Теперь уже можно было видеть, что огоньки прильнули к серебристо-стальной поверхности бетонной реки.

Еще несколько сот метров, и Хайфе выбросит парашют. Тогда уже никакая сила не стянет его с бетонной полосы на изрезанный грунт, покрытый мягкой и мелкой травой. В нем машины, зарываясь по самые оси, вспахивали глубокие борозды. В этих случаях самолет неизбежно переворачивало вверх колесами.

Хайфе выпустил парашют, который тянулся теперь за машиной, совсем как издевательски привязанная сзади тряпка. Он сбивал скорость, сметая с бетонной полосы занесенные ветром стебли трав.

У входа в командный пункт заворчал джип и рванулся в темноту.

— Поехали за Хайфе. Представление окончено.

Герберт попрощался со всеми и направился к другому входу. Ему, однако, пришлось еще раз остановиться. С посадочной полосы длинной вереницей возвращались пожарные и санитарные машины. На сей раз они не понадобились. «Хайфе сидит на бетоне, снимает, наверно, свой блестящий шлем, отирает пот с лица и вдыхает холодный воздух нормального давления».

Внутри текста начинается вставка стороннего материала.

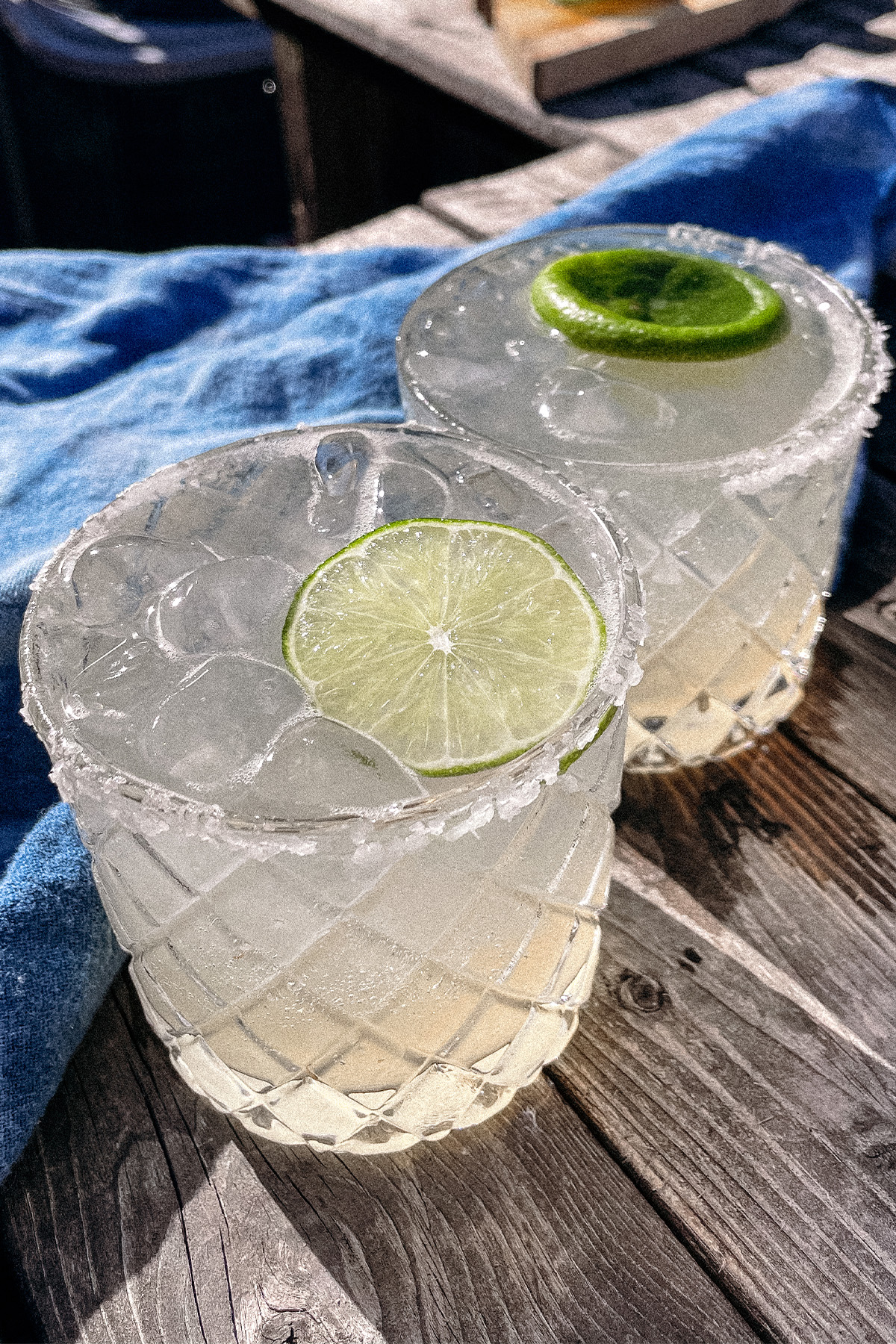 Skinny Margarita cocktails in salt-rimmed glasses topped with a wheel of lime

В эту минуту сзади раздались поспешные шаги и голос молодого лейтенанта:

— Господин майор!

— Ну?

— Не согласились бы вы пойти завтра со мной к нотариусу? Ленцер обещал, но вы же видели, что он натворил. Дело спешное, а тут такое невезенье!

Мысли Герберта все еще были с Хайфе, поэтому он не отозвался. Лейтенант истолковал это по-своему.

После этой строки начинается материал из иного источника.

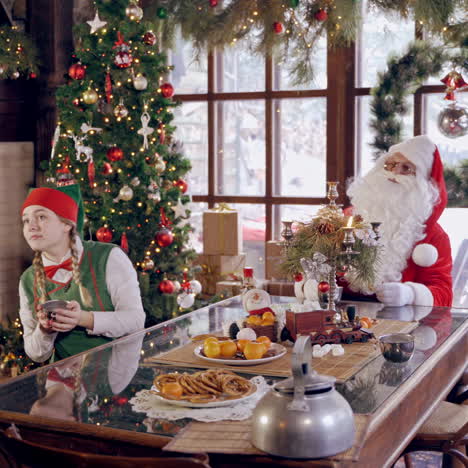 santa claus with elves. cheerful elves sitting at the table together with santa and drinking tea on christmas background. warm christmas atmosphere.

— Ох, прошу прощения. Я только сейчас сообразил. Я забыл, что у вас ночной полет.

— Что такое? — Герберт понял и возмутился. — Зелены вы еще соображать! — Потом внимательно посмотрел на смущенного лейтенанта. — Хорошо, завтра я пойду с вами к нотариусу. Позвоните мне. — И не дожидаясь выражений признательности маленького лейтенанта, он пошел прочь.

«Почему я терпеть не могу этого клопа? Такой же офицер, как все мы, и так же не известно, когда ему будет конец, как и всем нам».